Thursday, January 12, 2012

california glitter manga (la fille du MTA)

The night I became a real Californian I was in Manhattan (of course). My boyfriend and I were at the 66th St. subway station and a metro card machine had just eaten up ten of my dollars. Because there was no attendant station at this particular entrance, we had to climb out and seek out another that held a human being in an MTA uniform. I asked my strident boyfriend to take care of rectifying this situation, since I can barely get on the phone to order a pizza. He walked up to the glass cage and spoke with cute righteousness right into the little slotted metal oval that separated the MTA attendant from the outside world. After listening to his impassioned complaint and looking at my metro card, she said simply: “There’s nothing I can do.”

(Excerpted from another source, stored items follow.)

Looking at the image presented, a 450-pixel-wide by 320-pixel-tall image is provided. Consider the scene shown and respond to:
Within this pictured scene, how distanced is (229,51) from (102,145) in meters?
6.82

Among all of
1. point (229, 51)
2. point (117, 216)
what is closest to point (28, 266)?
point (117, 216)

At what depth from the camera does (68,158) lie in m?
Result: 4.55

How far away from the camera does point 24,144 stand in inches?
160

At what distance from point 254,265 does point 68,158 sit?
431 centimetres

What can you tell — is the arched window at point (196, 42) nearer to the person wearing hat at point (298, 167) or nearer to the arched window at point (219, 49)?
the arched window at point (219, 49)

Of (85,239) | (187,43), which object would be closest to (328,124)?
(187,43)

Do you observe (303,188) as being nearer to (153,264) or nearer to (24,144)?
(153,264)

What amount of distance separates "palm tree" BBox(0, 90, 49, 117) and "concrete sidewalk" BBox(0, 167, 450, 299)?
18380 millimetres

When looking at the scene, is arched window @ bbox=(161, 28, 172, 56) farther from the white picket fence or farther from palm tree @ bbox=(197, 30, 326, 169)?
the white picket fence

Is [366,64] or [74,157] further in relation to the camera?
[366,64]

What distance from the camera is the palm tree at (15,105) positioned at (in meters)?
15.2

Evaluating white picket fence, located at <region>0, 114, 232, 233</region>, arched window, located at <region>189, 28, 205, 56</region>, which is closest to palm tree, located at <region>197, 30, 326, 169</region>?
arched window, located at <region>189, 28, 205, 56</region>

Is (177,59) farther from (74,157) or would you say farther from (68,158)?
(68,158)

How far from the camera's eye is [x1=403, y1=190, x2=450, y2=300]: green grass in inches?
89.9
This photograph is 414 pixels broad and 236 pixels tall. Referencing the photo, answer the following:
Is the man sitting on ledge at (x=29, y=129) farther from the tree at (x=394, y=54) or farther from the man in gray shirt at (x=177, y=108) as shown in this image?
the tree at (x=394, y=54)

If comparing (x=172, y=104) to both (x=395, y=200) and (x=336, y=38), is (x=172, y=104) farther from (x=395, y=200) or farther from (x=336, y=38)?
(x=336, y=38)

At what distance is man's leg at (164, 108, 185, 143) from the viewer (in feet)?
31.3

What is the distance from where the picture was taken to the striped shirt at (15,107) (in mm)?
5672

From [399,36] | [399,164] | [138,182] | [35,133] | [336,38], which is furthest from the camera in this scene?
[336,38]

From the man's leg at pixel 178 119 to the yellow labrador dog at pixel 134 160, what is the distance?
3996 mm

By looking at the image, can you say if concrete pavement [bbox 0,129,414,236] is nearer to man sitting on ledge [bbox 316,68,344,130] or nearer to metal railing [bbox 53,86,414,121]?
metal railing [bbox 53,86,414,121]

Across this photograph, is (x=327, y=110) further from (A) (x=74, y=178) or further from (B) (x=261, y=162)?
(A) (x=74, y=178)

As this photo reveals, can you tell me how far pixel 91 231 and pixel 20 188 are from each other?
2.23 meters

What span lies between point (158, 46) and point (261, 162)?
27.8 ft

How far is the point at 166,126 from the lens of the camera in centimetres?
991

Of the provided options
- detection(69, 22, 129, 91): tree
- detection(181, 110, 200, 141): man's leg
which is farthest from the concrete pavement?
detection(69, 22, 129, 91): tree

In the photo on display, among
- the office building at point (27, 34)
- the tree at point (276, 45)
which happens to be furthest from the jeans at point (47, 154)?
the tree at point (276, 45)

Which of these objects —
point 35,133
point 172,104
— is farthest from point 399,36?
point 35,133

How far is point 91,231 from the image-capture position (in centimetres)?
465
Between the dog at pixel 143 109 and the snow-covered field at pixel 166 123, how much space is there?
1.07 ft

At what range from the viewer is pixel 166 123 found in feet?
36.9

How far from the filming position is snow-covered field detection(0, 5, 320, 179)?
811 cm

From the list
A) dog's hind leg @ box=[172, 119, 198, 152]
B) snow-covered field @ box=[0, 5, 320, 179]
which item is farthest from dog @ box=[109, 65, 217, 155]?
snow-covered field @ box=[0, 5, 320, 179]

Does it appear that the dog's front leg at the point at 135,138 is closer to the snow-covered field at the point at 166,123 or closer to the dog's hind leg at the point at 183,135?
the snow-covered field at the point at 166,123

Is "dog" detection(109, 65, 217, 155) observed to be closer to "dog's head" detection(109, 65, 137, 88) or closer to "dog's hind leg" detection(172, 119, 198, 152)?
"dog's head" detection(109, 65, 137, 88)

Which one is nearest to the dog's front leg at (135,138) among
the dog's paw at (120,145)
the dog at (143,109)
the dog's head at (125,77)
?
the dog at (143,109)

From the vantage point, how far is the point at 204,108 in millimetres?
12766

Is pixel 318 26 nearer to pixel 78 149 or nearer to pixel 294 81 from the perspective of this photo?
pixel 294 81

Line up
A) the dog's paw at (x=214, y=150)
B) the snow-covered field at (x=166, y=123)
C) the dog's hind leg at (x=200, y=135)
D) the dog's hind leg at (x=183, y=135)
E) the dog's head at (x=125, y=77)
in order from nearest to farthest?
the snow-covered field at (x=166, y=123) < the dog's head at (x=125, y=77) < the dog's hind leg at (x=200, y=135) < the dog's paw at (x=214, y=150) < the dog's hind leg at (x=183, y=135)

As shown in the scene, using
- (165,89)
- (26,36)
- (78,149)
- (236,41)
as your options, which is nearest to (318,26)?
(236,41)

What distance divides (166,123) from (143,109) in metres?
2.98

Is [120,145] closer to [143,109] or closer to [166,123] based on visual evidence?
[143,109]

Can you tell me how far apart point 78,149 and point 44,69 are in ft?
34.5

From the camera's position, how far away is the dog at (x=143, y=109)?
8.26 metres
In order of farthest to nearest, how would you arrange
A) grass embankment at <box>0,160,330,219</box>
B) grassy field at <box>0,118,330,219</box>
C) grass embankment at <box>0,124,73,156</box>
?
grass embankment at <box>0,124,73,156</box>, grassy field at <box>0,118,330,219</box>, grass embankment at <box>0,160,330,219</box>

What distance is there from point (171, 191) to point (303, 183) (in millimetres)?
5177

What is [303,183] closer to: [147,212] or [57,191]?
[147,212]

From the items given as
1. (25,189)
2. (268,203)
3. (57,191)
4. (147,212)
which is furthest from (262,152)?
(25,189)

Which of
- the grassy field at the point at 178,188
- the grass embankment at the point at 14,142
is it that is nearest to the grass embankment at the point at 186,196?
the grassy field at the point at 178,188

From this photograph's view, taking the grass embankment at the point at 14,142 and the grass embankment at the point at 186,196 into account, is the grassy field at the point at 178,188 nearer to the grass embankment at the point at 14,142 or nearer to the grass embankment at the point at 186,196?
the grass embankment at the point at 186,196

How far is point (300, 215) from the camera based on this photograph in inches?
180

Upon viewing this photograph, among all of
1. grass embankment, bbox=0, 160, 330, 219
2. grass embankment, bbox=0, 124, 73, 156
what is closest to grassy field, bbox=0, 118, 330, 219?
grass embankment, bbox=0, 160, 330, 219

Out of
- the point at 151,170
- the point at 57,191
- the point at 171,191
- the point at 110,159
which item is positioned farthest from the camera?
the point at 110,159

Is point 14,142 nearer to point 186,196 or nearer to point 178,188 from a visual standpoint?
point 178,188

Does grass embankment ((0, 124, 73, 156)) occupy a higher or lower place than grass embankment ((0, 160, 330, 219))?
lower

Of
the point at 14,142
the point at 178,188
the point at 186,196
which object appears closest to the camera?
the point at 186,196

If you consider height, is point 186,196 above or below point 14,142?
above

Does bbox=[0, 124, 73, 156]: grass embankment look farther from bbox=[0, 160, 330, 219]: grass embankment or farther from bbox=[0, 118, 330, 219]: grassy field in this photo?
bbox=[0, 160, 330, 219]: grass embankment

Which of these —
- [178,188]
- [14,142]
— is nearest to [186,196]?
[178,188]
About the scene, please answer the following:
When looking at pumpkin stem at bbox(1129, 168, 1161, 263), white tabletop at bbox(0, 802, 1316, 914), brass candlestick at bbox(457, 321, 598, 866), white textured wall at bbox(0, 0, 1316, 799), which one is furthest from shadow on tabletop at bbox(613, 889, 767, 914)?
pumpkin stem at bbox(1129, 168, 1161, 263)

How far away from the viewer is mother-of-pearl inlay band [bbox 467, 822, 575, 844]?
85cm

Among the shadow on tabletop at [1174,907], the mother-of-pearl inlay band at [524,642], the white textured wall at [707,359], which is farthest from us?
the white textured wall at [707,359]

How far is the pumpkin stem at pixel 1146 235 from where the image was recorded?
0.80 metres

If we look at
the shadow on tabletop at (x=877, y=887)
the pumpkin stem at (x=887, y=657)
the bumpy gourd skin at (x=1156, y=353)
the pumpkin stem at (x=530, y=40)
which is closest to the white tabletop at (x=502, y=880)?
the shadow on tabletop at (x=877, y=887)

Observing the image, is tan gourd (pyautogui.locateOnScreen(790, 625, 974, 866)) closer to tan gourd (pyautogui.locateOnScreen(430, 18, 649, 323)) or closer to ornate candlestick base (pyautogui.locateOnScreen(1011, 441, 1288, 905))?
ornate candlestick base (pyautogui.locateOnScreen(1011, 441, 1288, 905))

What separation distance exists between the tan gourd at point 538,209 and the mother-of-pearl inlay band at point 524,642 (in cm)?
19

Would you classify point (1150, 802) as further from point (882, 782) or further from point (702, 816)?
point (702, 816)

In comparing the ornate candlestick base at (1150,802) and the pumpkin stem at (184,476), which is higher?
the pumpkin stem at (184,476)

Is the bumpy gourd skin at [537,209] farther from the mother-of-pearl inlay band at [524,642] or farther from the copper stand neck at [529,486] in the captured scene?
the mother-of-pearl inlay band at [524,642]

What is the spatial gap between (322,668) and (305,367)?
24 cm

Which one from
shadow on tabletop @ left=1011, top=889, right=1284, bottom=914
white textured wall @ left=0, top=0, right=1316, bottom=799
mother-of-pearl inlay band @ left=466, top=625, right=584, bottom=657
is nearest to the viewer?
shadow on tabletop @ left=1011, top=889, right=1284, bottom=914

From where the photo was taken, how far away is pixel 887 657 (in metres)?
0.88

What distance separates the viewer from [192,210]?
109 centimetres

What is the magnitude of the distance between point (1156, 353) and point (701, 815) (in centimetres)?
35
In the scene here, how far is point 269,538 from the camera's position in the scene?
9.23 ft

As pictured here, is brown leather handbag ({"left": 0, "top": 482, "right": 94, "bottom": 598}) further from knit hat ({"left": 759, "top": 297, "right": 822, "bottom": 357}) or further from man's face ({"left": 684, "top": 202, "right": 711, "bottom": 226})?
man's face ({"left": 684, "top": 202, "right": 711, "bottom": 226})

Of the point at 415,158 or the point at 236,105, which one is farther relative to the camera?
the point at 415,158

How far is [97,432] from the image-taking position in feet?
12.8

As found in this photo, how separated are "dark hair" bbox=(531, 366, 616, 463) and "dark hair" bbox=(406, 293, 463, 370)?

This was the dreaded and expected reply. I thought maybe her metro card reader could magically see that I had stuck $10 in it, but apparently not. She could give me a complimentary entrance, but otherwise, the only thing we could do was fill out a complaint form and mail it to the MTA Office and wait for the big fat refund check to be mailed to me. “You have to go get the number of the machine that took your money though,” she instructed. My Brooklyn-dwelling boyfriend has a thing against the MTA anyway, so this was a welcome last straw. He went all fire-and-brimstone on the MTA agent: “Are you serious? I know it’s not your fault, but this is just ridiculous.”

As he ranted more, I just kind of stood off to the side, mutely watching the MTA agent. She was a small, thin-faced African-American woman of middle years. She was bundled in a grey fleece and she looked tired as all hell. Her face was tightly closed against the brief but broad range of consumer’s fury my boyfriend was unfurling on my behalf. But while she met my boyfriend’s gaze dead-on, her look was not unsympathetic. Her hair was pulled back into a tidy bun, with an elegant, almost Victorian middle part. I stepped forward, tugged at my boyfriend’s sleeve like a little wife and said, “It’s OK. Let’s just go get the number of the machine.” I skipped up to the attendant myself to receive the complaint form and self-addressed prepaid envelope. I thanked her and then we were off.

The whole time I dragged him up and out and back into the first subway entrance, my boyfriend was grumbling like mad, but I weirdly felt all daisies and buttercups. I felt something come out from that MTA booth and wind snugly around my feelings. As I explained to my still indignant boyfriend, it was almost midnight, and that lady was probably not thrilled about being trapped in that glass box, her hands tied by the MTA corporation that didn’t give a fig about her, either. I cooed at him and practically danced the both of us to and fro, from the attendant box, to the offending ticket machine, back to the attendant box. My boyfriend said afterwards that I was “bouncing around like My Little Pony.”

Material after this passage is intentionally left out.